Please take the lines from the one holding "Барби, Royal Enchantment Barbie 1995" through the one holding "Обява за продажба" in the data below and copy them exactly.
*** MATERIAL FOR THIS TASK Section Begins ***
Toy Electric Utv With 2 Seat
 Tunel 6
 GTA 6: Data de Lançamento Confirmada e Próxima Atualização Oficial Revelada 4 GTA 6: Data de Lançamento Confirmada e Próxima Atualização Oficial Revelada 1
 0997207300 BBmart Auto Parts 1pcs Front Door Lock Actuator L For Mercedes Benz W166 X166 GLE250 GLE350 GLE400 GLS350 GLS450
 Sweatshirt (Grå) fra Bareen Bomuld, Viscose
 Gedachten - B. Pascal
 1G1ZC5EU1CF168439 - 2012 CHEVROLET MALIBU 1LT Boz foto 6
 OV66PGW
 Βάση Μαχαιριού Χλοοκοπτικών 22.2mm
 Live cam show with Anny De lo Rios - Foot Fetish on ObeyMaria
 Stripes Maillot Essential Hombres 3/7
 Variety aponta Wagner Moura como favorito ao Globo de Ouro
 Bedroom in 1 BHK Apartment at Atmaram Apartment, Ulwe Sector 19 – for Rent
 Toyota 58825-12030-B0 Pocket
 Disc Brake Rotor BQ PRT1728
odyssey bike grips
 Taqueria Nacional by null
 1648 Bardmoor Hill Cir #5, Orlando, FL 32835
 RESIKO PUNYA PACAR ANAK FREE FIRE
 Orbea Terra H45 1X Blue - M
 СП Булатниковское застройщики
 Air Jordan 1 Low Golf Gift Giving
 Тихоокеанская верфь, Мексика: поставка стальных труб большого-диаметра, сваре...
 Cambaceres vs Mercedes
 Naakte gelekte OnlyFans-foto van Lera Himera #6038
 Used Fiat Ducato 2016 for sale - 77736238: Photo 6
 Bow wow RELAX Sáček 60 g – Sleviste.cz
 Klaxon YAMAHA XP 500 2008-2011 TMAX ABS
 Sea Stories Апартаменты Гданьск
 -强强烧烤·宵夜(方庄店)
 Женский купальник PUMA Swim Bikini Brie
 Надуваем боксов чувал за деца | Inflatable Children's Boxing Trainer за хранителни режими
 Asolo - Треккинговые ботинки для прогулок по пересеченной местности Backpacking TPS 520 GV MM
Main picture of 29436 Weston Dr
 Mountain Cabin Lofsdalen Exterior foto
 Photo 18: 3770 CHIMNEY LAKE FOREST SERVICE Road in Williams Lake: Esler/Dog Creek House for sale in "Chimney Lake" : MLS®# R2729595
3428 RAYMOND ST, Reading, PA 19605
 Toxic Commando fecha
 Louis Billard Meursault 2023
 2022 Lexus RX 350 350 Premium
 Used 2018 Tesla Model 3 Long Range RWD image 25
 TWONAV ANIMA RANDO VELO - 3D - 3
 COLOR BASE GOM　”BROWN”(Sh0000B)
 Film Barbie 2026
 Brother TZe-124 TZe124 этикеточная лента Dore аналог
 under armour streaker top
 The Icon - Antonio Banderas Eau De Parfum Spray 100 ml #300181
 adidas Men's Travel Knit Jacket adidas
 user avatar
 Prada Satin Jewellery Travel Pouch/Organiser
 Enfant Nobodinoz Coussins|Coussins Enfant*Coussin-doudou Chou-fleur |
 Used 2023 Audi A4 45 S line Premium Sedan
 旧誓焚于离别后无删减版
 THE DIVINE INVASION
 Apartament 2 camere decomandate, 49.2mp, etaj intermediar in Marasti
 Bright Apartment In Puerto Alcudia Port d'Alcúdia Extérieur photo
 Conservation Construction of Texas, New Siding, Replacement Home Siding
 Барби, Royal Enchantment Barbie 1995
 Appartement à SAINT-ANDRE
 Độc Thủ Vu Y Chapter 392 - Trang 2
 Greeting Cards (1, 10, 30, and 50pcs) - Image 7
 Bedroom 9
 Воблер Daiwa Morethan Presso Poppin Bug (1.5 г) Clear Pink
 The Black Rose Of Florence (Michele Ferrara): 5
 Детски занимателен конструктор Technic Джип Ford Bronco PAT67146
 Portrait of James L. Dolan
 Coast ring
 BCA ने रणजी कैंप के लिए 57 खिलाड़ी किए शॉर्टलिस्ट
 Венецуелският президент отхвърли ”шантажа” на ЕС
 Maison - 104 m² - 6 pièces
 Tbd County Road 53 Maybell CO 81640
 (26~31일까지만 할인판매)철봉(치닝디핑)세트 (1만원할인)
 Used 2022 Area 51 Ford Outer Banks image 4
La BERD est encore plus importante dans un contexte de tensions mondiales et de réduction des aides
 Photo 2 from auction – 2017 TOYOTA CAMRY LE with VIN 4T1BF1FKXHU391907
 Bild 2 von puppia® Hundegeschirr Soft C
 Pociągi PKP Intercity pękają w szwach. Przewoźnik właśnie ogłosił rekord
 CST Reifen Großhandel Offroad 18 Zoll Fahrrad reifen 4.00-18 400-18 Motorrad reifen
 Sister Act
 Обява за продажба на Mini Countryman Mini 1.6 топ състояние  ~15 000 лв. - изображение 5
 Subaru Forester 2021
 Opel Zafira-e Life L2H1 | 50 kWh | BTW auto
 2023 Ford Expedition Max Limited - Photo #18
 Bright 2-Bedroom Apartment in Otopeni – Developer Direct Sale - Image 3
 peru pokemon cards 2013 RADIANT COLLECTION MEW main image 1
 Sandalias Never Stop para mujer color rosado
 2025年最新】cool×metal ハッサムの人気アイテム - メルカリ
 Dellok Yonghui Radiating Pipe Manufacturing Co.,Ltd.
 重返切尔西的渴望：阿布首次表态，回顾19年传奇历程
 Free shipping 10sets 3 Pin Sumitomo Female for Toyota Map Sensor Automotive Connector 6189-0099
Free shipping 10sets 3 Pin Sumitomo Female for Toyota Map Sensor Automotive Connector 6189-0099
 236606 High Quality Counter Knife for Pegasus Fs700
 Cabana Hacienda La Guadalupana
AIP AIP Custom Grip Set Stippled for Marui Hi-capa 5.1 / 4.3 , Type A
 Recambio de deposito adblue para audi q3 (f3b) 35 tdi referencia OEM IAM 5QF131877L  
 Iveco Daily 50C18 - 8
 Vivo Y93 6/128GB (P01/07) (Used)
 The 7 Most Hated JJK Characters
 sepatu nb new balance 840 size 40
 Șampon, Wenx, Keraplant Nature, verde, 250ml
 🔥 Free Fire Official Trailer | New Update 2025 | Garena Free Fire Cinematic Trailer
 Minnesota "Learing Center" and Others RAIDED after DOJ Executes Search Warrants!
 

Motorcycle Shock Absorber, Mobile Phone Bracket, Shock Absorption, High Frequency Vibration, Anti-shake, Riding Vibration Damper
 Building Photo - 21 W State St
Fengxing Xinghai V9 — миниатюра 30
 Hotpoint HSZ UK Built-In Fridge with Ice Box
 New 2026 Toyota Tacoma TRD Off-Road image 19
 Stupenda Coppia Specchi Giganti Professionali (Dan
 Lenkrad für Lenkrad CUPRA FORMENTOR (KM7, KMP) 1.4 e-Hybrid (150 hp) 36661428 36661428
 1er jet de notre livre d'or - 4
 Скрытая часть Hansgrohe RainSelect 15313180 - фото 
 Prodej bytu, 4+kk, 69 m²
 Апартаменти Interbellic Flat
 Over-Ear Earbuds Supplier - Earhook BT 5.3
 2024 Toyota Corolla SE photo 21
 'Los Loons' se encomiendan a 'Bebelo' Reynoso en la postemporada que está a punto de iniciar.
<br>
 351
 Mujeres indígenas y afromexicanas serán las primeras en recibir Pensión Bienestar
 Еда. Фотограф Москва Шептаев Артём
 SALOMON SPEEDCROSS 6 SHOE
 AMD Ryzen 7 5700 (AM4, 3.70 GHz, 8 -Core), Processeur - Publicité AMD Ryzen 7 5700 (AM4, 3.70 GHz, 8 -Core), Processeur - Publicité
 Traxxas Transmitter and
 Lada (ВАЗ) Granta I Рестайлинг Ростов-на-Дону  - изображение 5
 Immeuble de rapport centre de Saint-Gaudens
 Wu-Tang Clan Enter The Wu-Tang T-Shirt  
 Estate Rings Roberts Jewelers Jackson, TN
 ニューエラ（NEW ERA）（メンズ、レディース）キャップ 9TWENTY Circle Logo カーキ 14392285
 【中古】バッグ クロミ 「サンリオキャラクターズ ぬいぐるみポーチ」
*** MATERIAL FOR THIS TASK Section Ends ***
_OUTPUT FOR THIS TASK:_
 Барби, Royal Enchantment Barbie 1995
 Appartement à SAINT-ANDRE
 Độc Thủ Vu Y Chapter 392 - Trang 2
 Greeting Cards (1, 10, 30, and 50pcs) - Image 7
 Bedroom 9
 Воблер Daiwa Morethan Presso Poppin Bug (1.5 г) Clear Pink
 The Black Rose Of Florence (Michele Ferrara): 5
 Детски занимателен конструктор Technic Джип Ford Bronco PAT67146
 Portrait of James L. Dolan
 Coast ring
 BCA ने रणजी कैंप के लिए 57 खिलाड़ी किए शॉर्टलिस्ट
 Венецуелският президент отхвърли ”шантажа” на ЕС
 Maison - 104 m² - 6 pièces
 Tbd County Road 53 Maybell CO 81640
 (26~31일까지만 할인판매)철봉(치닝디핑)세트 (1만원할인)
 Used 2022 Area 51 Ford Outer Banks image 4
La BERD est encore plus importante dans un contexte de tensions mondiales et de réduction des aides
 Photo 2 from auction – 2017 TOYOTA CAMRY LE with VIN 4T1BF1FKXHU391907
 Bild 2 von puppia® Hundegeschirr Soft C
 Pociągi PKP Intercity pękają w szwach. Przewoźnik właśnie ogłosił rekord
 CST Reifen Großhandel Offroad 18 Zoll Fahrrad reifen 4.00-18 400-18 Motorrad reifen
 Sister Act
 Обява за продажба на Mini Countryman Mini 1.6 топ състояние  ~15 000 лв. - изображение 5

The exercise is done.